Figure 3. PRRSV RNA and protein synthesis are strongly inhibited by Cryptoporus volvatus extract.

(A) Cryptoporus volvatus extract inhibits PRRSV RNA synthesis. Marc-145 cells were infected with PRRSV Ch1a at an MOI of 0.01. Twenty-four hours post infection, cells were then treated with various concentrations of the extract or IFN-α (10 units/µl). Whole-cell RNA was isolated from the cells at 6, 12, 24, 48, or 72 hours after treatment and analyzed for PRRSV RNA using a quantitative real-time RT-PCR assay. (B) PRRSV protein synthesis is inhibited by Cryptoporus volvatus extract. Marc-145 cells were infected with PRRSV Ch1a (MOI = 5) and then treated with Cryptoporus volvatus extract at 1 mg/ml or 3 mg/ml. Thirty-six hours later, whole-cell extracts were prepared for western blot analysis, and PRRSV protein was analyzed using anti-PRRSV N monoclonal antibody (SDOW17). (C) Cryptoporus volvatus extract directly inhibits the PRRSV RNA dependent RNA polymerase activity.

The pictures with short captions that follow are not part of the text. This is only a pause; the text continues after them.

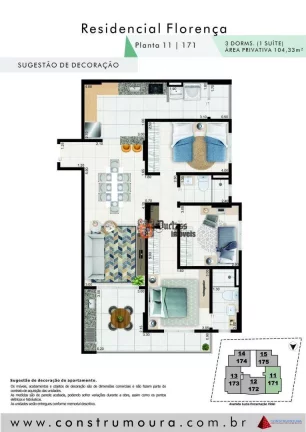 Imagem Apartamento com 3 dormitórios à venda, 104,23 m² a partir R$ 629.318 - Aviação - Praia Grande/SP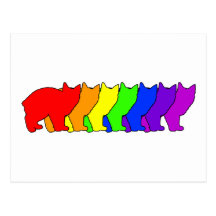 Arco iris de la Isla de Man Tarjeta Postal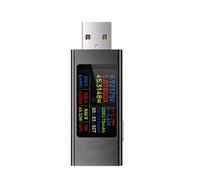 Advanced USB Tester Power Meter Charging Assessment Instrument With Real Time Voltages And Current Display For User Charging Tester
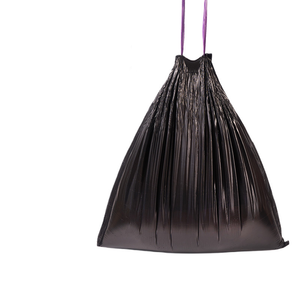 Bolsas de Basura con Cordón de Baja Cantidad Mínima de Pedido, 20-25 Galones - Resistencia de 15 Libras, Impresión de Logotipo Personalizado - Product Image 1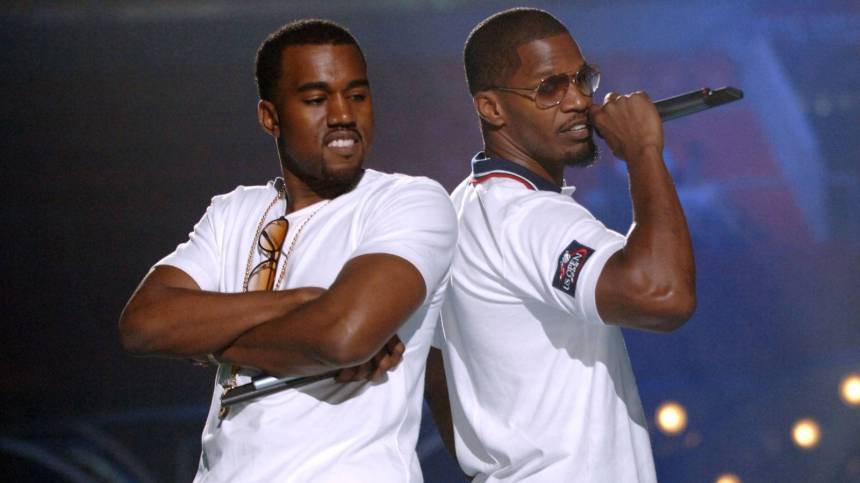 Ye and Jamie Foxx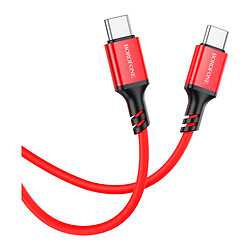 USB кабель Borofone BX83, Type-C, 1.0 м., Червоний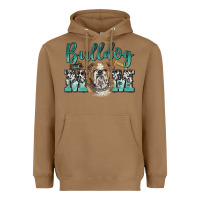 Toasted Coconut bulldog mom Heavyweight Hoodie - BarkalooDesign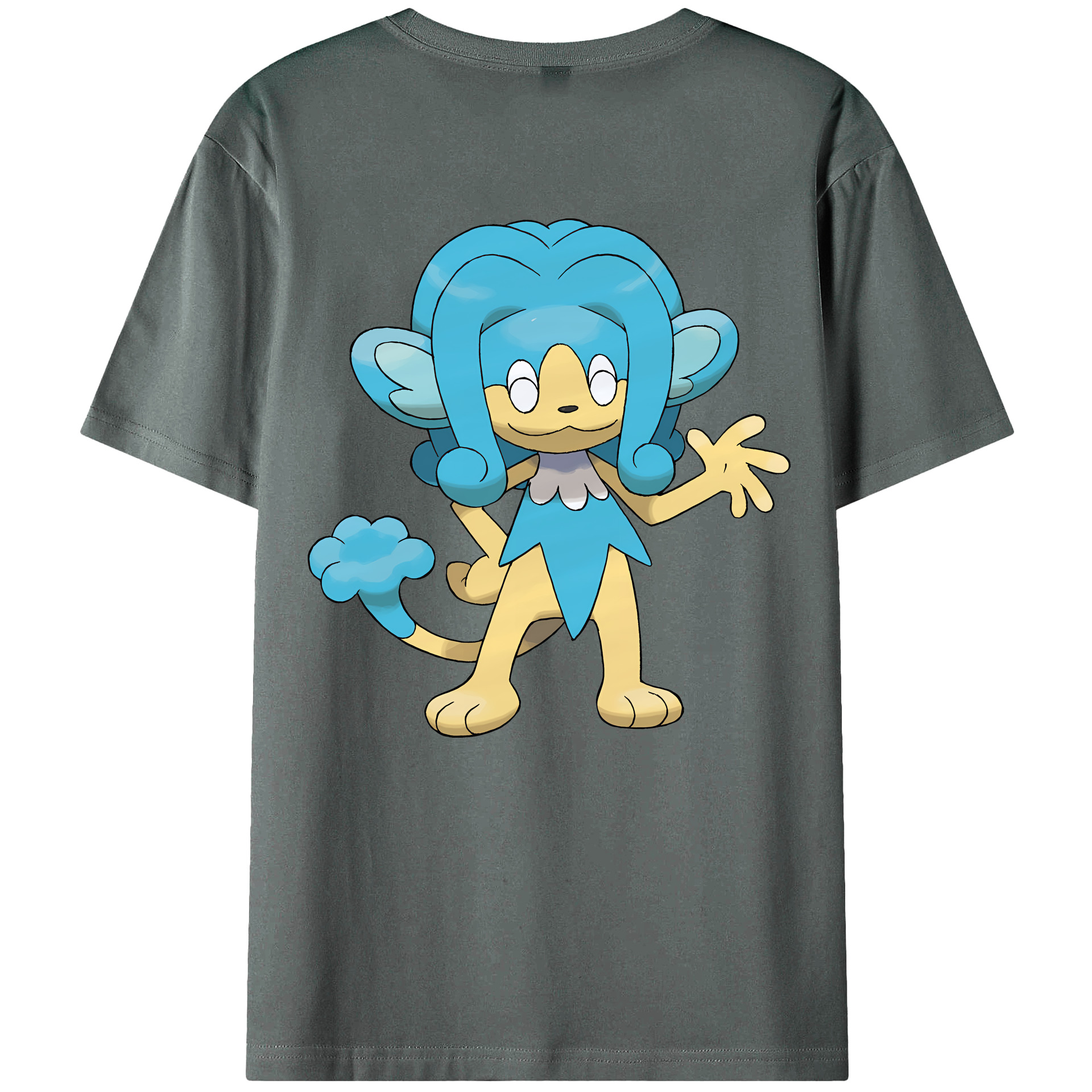 （画像用） ポケットモンスター Pokémon 綿100％ メンズ半袖Tシャツ（バックプリント） 通気性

PRRSV nsp9/RdRp was incubated with Cryptoporus volvatus extract at a final concentration of 0, 0.05, 0.25, or 0.5 mg/ml, and the activity of the PRRSV nsp9/RdRp was examined using filter-binding assays to monitor incorporation of [³²P]ATP by using a poly(U)₁₈ RNA template. (D) Cordycepin inhibits PRRSV RdRp activity but IFN-α not. Similar experiment as C was done with IFN-α, Cryptoporus volvatus extract, and Cordycepin at final concentrations of 10 units/µl, 0.5 mg/ml, 1 mM, respectively. Data are representative of three independent experiments (mean ± SD). Statistical significance was analyzed by Student’s t test; *P<0.05; **P<0.01; ***P<0.001.